The purpose of a special needs trust is usually to provide some kind of supplemental support for an individual with special needs without eliminating their eligibility for certain kinds of state aid, such as Medicaid benefits. A special needs trust provides structured distributions that can last for life in some cases.
Family members and even nonprofit organizations can create and fund special needs trusts to help cover the cost-of-living expenses of an individual with special needs or supplement their standard of living. Putting together a special needs trust, especially as an individual or family member earmarking resources for a vulnerable loved one, it is often important to address the remaining assets in the trust.

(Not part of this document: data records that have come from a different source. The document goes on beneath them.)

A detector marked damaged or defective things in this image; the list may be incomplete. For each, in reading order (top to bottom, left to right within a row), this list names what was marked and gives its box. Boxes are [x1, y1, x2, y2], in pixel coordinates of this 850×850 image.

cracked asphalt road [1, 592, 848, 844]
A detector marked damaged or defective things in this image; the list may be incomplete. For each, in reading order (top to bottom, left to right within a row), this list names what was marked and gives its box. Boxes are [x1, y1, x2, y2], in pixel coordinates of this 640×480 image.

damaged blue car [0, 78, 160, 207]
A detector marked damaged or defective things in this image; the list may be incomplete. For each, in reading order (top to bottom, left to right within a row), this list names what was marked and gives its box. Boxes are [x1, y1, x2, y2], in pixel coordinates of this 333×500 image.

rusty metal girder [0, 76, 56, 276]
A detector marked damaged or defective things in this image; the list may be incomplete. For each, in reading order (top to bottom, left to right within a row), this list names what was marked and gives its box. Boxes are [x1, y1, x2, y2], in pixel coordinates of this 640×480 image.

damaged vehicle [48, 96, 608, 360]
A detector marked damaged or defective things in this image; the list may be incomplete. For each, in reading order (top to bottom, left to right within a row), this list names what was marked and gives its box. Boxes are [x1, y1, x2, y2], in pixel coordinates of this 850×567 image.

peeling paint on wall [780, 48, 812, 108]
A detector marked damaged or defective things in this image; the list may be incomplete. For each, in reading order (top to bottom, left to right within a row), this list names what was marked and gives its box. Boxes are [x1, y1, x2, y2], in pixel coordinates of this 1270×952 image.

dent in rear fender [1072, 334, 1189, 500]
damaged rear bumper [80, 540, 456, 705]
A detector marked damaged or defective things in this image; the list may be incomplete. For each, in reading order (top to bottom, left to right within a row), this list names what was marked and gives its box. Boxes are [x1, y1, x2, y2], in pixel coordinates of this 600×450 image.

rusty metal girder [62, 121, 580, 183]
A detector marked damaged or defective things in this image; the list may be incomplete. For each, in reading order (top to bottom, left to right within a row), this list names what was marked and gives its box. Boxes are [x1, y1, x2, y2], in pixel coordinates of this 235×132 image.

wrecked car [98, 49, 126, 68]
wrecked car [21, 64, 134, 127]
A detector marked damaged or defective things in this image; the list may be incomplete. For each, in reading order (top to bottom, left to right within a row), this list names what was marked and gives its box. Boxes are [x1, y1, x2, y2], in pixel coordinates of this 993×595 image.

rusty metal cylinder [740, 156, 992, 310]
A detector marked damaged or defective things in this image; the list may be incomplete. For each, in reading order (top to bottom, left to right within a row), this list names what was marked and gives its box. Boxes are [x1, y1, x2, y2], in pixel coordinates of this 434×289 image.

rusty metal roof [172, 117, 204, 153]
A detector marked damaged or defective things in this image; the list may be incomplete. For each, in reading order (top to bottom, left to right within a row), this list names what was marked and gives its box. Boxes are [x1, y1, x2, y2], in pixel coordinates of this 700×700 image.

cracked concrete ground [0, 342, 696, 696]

Naming someone to receive the remainder of the trust is beneficial.
When someone chooses an individual to receive the remaining property in a trust or an estate, that individual is the remainderman. The inclusion of special language in a trust to designate someone to receive any remaining assets in the trust can help someone maximize the positive impact they create when planning their legacy.
In fact, some people choose to have the remaining assets in a special needs trust transferred to a non-profit or charitable organization that provides support for individuals with similar medical conditions to the original beneficiary of the trust. Others name family members or other loved ones as the recipients of any remaining assets in the trust after the beneficiary dies.
Planning for every eventuality when putting together a special needs trust can help people maximize the positive impact of their estate planning efforts.